Dataset records:
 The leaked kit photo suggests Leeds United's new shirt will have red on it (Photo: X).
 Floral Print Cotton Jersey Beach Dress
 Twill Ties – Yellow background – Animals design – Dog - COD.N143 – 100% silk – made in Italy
---
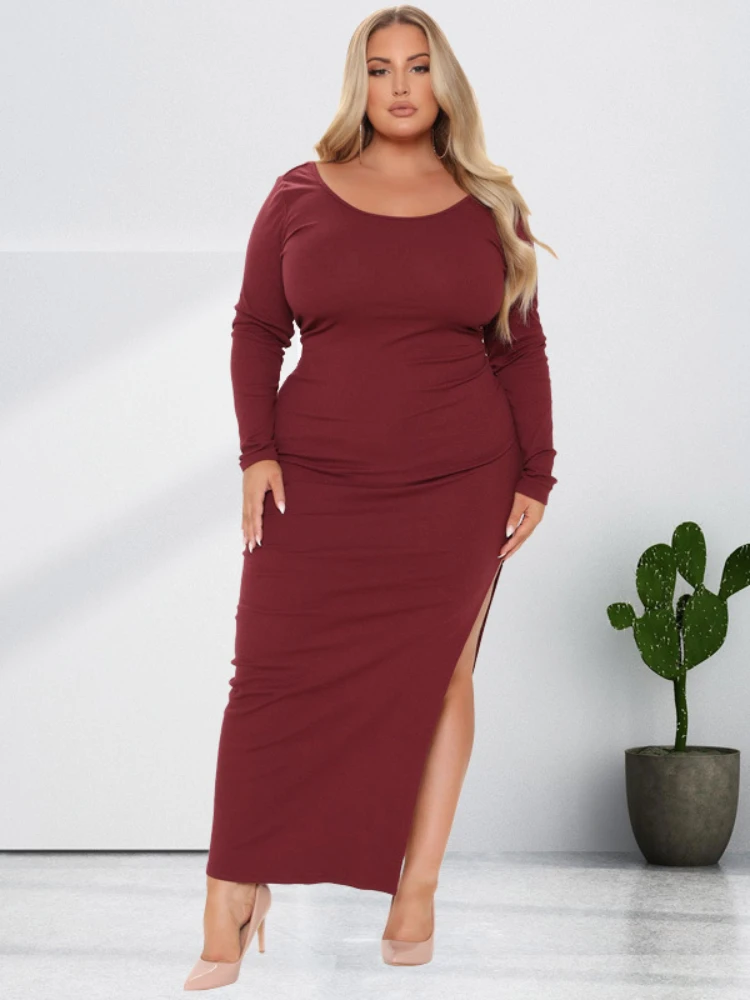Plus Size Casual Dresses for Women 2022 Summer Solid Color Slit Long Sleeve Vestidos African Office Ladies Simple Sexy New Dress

Aim of the task:
Output, from the data above, the lines from the line with "Floral Print Cotton Jersey Beach Dress" to the line with "Twill Ties –" exactly as they stand, both ends included and nothing else.

Problem solution:
 Floral Print Cotton Jersey Beach Dress
 Twill Ties – Yellow background – Animals design – Dog - COD.N143 – 100% silk – made in Italy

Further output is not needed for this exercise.